◆ WHAT IS REQUIRED ◆
Within the data that follows, set down exactly the lines from the one containing "RbsiTi§PaBcMeB" through the one containing "撥水 パーカー スノーボード拍卖", both ends included.

Web page caption snippets
Content starts

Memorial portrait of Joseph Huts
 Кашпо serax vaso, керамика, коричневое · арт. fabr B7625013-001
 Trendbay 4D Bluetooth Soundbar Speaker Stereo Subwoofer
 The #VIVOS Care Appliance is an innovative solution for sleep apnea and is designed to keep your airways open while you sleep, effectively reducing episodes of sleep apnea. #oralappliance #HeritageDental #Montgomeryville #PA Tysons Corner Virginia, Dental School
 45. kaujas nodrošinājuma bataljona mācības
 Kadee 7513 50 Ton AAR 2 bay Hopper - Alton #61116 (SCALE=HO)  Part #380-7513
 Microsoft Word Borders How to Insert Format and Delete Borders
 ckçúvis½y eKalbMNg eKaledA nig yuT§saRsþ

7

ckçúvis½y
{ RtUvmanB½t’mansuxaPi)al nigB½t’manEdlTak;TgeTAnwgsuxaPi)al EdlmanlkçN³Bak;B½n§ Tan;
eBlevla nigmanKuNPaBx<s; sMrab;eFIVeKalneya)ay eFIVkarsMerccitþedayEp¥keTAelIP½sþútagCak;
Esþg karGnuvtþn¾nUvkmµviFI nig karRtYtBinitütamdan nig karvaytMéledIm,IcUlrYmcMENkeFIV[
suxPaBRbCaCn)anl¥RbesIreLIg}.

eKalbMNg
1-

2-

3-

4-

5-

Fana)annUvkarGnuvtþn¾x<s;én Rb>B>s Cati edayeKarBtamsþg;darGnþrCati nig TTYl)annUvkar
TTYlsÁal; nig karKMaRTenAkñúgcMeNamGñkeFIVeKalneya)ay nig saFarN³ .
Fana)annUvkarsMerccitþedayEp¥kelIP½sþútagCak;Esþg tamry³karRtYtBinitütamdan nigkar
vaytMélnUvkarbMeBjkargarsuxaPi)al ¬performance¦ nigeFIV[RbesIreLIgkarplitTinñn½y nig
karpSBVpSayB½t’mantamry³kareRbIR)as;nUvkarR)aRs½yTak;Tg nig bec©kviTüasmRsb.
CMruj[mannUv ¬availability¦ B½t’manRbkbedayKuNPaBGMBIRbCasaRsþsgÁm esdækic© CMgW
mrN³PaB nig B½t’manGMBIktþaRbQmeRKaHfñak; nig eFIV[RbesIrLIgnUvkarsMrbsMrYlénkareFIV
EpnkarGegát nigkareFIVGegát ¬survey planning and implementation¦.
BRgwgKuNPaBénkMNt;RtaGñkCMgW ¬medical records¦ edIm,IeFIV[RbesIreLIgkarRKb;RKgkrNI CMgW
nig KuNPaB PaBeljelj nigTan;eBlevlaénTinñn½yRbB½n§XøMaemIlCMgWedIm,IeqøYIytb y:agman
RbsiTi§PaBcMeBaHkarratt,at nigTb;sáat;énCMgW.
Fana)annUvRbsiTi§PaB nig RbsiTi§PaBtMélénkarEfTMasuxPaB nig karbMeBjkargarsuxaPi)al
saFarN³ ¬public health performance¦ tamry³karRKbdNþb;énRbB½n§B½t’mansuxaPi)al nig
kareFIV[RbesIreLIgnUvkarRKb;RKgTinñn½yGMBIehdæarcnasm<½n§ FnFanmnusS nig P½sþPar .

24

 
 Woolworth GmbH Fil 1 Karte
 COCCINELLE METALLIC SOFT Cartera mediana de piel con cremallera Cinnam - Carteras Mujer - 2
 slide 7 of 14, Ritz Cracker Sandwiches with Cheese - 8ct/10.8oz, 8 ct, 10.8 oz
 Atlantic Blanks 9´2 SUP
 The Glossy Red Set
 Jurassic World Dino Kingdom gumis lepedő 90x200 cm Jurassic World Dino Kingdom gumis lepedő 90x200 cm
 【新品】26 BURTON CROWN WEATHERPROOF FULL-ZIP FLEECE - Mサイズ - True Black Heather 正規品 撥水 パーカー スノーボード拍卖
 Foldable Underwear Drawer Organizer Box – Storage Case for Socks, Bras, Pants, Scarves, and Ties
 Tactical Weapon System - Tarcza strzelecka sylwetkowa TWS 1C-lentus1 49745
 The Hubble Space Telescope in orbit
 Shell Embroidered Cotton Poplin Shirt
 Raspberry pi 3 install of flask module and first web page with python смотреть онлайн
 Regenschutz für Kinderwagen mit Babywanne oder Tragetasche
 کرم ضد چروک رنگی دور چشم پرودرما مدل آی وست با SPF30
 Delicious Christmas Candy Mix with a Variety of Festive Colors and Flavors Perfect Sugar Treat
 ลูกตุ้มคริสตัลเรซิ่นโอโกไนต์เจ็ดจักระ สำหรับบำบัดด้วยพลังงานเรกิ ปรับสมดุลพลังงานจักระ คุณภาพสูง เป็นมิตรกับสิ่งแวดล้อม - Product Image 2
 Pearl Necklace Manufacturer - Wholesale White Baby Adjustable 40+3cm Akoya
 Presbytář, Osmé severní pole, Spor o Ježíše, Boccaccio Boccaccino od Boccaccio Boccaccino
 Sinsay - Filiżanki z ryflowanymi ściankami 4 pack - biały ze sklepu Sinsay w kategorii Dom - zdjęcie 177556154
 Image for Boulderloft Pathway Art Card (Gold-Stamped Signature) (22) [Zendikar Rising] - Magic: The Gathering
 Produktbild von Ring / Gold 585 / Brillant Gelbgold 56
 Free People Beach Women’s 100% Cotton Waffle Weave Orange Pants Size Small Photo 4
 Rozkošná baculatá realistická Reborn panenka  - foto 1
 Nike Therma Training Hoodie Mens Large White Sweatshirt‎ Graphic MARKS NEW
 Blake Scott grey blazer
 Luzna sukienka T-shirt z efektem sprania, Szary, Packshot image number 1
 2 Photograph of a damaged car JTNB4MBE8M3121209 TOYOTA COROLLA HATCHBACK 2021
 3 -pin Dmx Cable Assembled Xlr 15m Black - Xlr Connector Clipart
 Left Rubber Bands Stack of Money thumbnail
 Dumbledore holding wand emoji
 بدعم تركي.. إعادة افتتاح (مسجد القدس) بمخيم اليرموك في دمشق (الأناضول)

Content ends

◆ WRITTEN ANSWER ◆
RbsiTi§PaBcMeBaHkarratt,at nigTb;sáat;énCMgW.
Fana)annUvRbsiTi§PaB nig RbsiTi§PaBtMélénkarEfTMasuxPaB nig karbMeBjkargarsuxaPi)al
saFarN³ ¬public health performance¦ tamry³karRKbdNþb;énRbB½n§B½t’mansuxaPi)al nig
kareFIV[RbesIreLIgnUvkarRKb;RKgTinñn½yGMBIehdæarcnasm<½n§ FnFanmnusS nig P½sþPar .

24

 
 Woolworth GmbH Fil 1 Karte
 COCCINELLE METALLIC SOFT Cartera mediana de piel con cremallera Cinnam - Carteras Mujer - 2
 slide 7 of 14, Ritz Cracker Sandwiches with Cheese - 8ct/10.8oz, 8 ct, 10.8 oz
 Atlantic Blanks 9´2 SUP
 The Glossy Red Set
 Jurassic World Dino Kingdom gumis lepedő 90x200 cm Jurassic World Dino Kingdom gumis lepedő 90x200 cm
 【新品】26 BURTON CROWN WEATHERPROOF FULL-ZIP FLEECE - Mサイズ - True Black Heather 正規品 撥水 パーカー スノーボード拍卖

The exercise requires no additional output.